アン・クリーヴス「白夜に惑う夏」読了


アン・クリーヴスのシェットランドを舞台としたミステリー四部作の第二弾、「白夜に惑う夏」を読み終えました。
前作は、冬のシェットランドが舞台の「大鴉の啼く冬」でした。
狭いシェットランドの中ですが、今度は、また違う町が舞台です。
引き続き、画家のフラン・ハンターと恋人のシェットランド署のペレス警部、応援のインヴァネス署のテイラー警部が出てきます。
フランがもう一人の地元の画家ベラと共同開催した絵画展で、妨害行為をした男が殺害されて発見されます。
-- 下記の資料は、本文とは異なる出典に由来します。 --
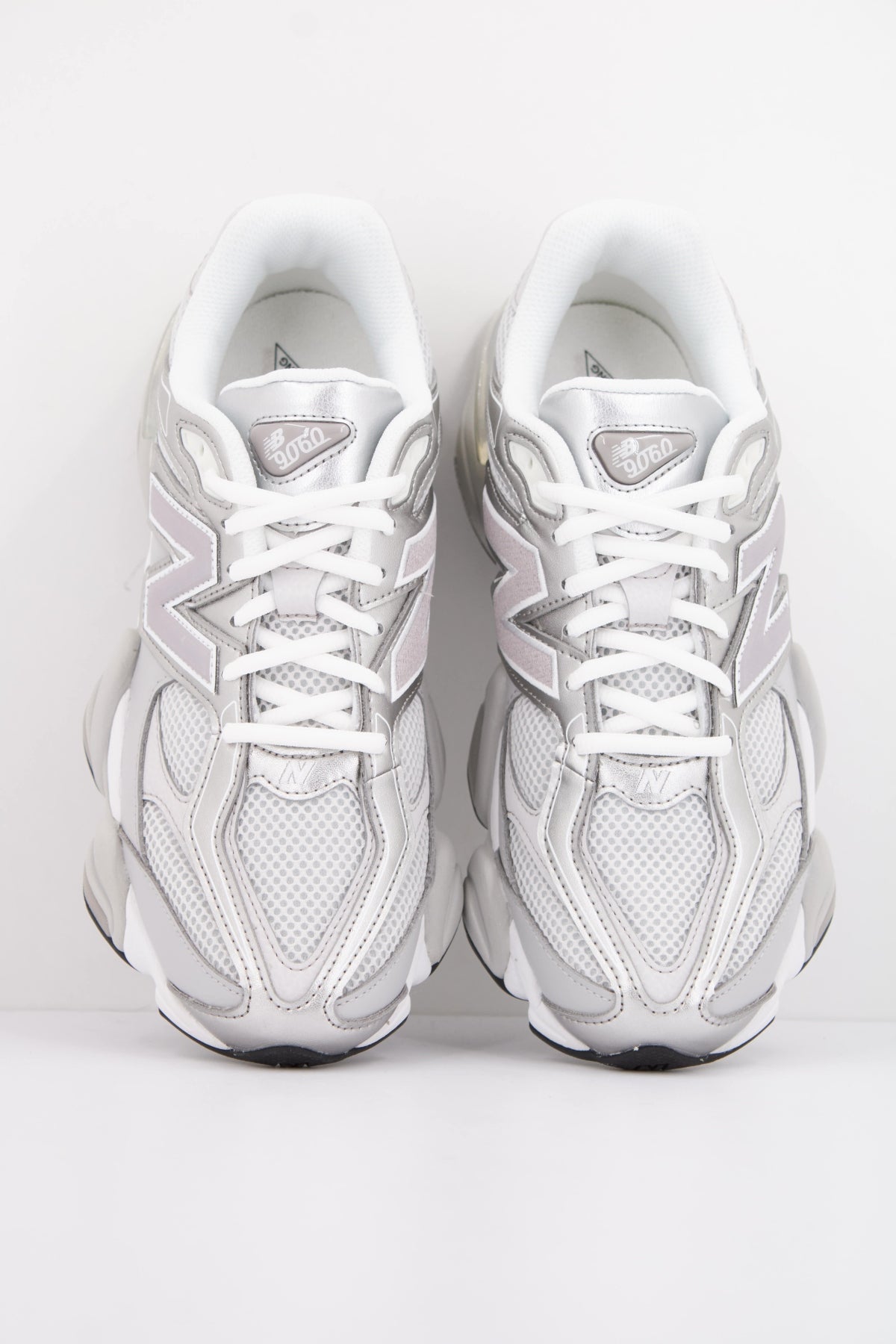 NEW BALANCE U en color GRIS (3)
ベラと暮らしていた甥の人気音楽家ロディも死体で発見され、農場主ケニーの兄で何年も前に失恋して家出したと思われていたローレンスも骨となって発見されます。
ペレス警部は、テイラー警部と協力し、時には反発もしながら、捜査に当たります。
人の気持ちを騒がす白夜の季節、他人の事を詮索しないで平和に暮らそうとする狭い共同体の住人達を相手に、捜査は辛抱強く続き、意外な結末を迎えます。
女性作家らしい細やかな表現があちらこちらに見られるのも楽しみで、面白く読めました。
シェットランド四重奏の三作目はもう刊行されているようなので、そのうちに翻訳出版されそうです。
今度は、季節が春との事で、シェットランドの春はどんなだろうかと、これも楽しみです。